Solar PV being embraced by ordinary Australians18th Jan 2013
Solar photovoltaic systems aren't just the domain of the rich and well-off.
That's what figures released by Synergy about WA solar power seem to indicate, according to the West Australian.
Instead, blue-collar suburbs and those with large populations of aging baby boomers appear to be the biggest drivers of the solar surge.
Electricity retailer Synergy released information showing where solar panel penetration was the greatest in WA, as the number of rooftop installations in Perth and the south west passed the milestone figure of 100,000.
Working class Canning Vale was the top suburb, with 2,239 residents owning a solar panel system as at December 19.
Next in line were Thornlie (1,513), Baldivis (1,376), Willetton (1299) and Ellenbrook (1198).
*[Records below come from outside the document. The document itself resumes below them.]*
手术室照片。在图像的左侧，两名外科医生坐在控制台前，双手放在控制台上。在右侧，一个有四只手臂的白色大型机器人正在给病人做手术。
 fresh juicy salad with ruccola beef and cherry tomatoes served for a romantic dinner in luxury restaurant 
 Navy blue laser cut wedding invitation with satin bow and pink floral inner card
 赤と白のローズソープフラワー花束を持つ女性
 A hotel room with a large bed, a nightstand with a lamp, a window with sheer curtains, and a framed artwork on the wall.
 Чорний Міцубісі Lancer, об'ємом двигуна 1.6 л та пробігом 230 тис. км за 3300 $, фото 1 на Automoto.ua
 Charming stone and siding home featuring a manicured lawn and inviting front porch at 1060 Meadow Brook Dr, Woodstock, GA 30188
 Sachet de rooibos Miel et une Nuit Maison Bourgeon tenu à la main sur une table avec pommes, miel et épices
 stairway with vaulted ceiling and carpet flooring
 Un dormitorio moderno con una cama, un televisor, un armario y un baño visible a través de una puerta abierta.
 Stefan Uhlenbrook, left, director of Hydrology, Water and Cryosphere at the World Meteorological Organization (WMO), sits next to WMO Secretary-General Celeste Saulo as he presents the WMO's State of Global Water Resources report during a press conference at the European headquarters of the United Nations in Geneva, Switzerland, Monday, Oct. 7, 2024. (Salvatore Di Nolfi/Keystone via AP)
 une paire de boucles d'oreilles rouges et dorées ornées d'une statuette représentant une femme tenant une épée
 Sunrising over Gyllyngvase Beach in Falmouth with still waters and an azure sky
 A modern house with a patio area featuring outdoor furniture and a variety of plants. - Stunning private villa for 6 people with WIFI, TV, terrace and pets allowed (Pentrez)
Out of the top 20 biggest suburbs for solar, none were in affluent or inner-city areas.
Ian Milne, co-runner of a Perth solar company, told the West Australian that the figures did not come as a surprise to him.
He said that groups more sensitive to power bill increases - such as the retired or retiring and middle to lower-income households - were driving demand for solar.
"They see the power bill as a long-term risk to their income or savings and so it is self-protection on that impost that influences them," Mr Milne said.
WA residents with renewable energy systems can sell back excess energy to retailers under the state's Renewable Energy Buyback Scheme.
These figures illustrate that installing solar panels isn't merely for those hoping to reduce their carbon footprint and contribute to a better environment - it's actually a practical way to save money.
If the argument against climate change does not gain traction anytime soon, the future of solar power expansion may require more statistics like these - ones that argue for the practical economic benefits of renewable energy systems.